Intervista a Francesco Continisio
Presidente Scuola Europea Sommelier
di Ida Palisi
Francesco Continisio, Presidente della Scuola Europea Sommelier, relatore ai Corsi Professionali Formazione Sommeliers e Food & Beverage.
«Il vino, specialmente in Italia, è la poesia della terra», sosteneva lo scrittore Mario Soldati. E oggi sembrano essersene accorti anche gli italiani, che non scelgono più solo mete ludiche o di semplice svago per i loro viaggi ma desiderano sperimentare attività sempre diverse, corredate da buon vino. In cima alla lista delle destinazioni più gettonate compaiono le degustazioni in vigna. Ma come si fa a scegliere bene? È fondamentale andare al di là delle mode e dell’improvvisazione fai da te, come spiega Francesco Continisio, presidente della Ses, la Scuola Europea di Sommelier.
Continisio, come deve essere un tour del vino per poterlo considerare all’altezza delle aspettative?
«Si deve avere una cognizione ben precisa di quello che è il lavoro attorno al vino, sia dal punto di vista culturale che di quanto si fa in cantina e in vigna. È come una lezione sul campo, con esposizioni anche tecniche, come ad esempio sui tipi di impianto nei vigneti, che, se fatte bene, restano anche nella memoria e fanno capire che c’è anche molta competenza attorno a una bottiglia di vino».
È vero che il vino è un’esperienza sensoriale a 360 gradi?
«Certo, perché rispecchia quel che è il territorio in termini non solo geografici ma anche storici. In questo senso i professionisti del settore, i sommelier, sono chiamati a essere non solo esperti ma narratori del vino e del territorio che rappresenta, perché il vino è imprescindibile da quella che è la tradizione culturale del territorio».
Ci sono luoghi in cui questo legame è particolarmente evidente?
«Un esempio su tutti è la Sardegna che viene considerata a torto un’isola ma è una sorta di continente a sé, dove ha influito moltissimo la pastorizia e dove non esistono pescatori. Perciò anche se nelle zone costiere si è privilegiato il consumo dei vini bianchi, la tradizione culinaria legata alla pastorizia impone in altre parti dell’isola l’abbinamento con il rosso. In questo senso un’area tutta da riscoprire è quella del Sulcis, bellissima e a torto un po’ emarginata rispetto al Nord Est. L’enoturismo qui sarebbe una bella opportunità di conoscenza».

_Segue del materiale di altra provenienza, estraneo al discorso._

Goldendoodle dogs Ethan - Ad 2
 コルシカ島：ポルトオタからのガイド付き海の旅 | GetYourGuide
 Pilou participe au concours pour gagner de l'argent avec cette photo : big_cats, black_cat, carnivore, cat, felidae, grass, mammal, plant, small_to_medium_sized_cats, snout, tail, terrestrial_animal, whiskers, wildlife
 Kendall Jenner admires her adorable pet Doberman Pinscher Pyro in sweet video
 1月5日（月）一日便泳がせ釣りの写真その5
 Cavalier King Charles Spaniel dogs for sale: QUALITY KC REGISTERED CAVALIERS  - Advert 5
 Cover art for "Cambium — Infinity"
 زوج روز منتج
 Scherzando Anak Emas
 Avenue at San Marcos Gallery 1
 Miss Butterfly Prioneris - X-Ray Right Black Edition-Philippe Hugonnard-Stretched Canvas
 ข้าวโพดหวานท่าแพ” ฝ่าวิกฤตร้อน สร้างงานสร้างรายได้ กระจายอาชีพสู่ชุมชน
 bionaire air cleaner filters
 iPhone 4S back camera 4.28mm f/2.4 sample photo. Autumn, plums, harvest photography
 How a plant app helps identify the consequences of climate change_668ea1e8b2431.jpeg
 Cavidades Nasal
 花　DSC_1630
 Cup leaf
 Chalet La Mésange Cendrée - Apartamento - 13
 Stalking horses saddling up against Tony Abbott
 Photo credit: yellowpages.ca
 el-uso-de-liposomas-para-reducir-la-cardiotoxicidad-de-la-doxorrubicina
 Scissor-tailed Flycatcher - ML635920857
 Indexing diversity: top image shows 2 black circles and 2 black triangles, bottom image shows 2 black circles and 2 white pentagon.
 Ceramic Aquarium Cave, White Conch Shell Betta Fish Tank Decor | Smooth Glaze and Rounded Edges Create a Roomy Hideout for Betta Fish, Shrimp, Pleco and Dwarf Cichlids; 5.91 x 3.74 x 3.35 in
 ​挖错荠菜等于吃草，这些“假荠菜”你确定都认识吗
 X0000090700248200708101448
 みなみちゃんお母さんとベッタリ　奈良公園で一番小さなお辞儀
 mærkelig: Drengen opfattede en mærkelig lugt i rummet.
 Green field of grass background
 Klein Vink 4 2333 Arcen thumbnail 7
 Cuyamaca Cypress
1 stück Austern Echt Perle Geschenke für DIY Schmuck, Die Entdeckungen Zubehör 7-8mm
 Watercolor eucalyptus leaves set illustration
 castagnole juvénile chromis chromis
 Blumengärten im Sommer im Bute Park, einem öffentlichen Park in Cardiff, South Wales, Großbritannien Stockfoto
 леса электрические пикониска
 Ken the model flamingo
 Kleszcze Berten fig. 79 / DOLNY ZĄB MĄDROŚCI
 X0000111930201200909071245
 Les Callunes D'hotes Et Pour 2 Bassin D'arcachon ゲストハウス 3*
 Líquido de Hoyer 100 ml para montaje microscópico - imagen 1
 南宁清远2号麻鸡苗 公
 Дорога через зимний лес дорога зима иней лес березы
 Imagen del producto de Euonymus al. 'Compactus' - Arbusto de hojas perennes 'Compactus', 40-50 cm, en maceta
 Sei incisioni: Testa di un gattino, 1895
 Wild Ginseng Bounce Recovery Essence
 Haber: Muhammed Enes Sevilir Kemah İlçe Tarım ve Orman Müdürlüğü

In Italia non ci sono gli châteaux come in Francia ma comunque percorsi che vale la pena seguire, sulla scia del vino?
«Certo, il nostro Paese non ha niente da invidiare al suo vicino di casa. Da Nord a Sud, oltre alle strade del vino, ci sono tantissime aziende vitivinicole in grado di offrire una full immersion tra i vigneti, le cantine, gli antichi casali trasformati in resort di lusso. Le Langhe sono disseminate dai più bei vigneti d’Italia mentre in Toscana prestigiose aziende con storie secolari propongono visite ai vigneti per terroir di appartenenza, degustazioni guidate dei vini e anche ottima ristorazione».
In Toscana c’è anche Sting.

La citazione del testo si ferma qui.